Information supplied:

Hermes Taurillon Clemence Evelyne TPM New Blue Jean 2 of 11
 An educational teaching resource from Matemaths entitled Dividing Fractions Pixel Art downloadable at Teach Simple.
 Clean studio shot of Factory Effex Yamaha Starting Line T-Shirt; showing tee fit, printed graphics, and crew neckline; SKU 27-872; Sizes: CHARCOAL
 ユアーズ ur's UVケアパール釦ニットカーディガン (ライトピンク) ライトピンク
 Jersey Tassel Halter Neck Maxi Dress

About this task:
Could you write out, exactly, each line of the data above from the one containing "Clean studio shot" through the last, including both?

Answer section:
 Clean studio shot of Factory Effex Yamaha Starting Line T-Shirt; showing tee fit, printed graphics, and crew neckline; SKU 27-872; Sizes: CHARCOAL
 ユアーズ ur's UVケアパール釦ニットカーディガン (ライトピンク) ライトピンク
 Jersey Tassel Halter Neck Maxi Dress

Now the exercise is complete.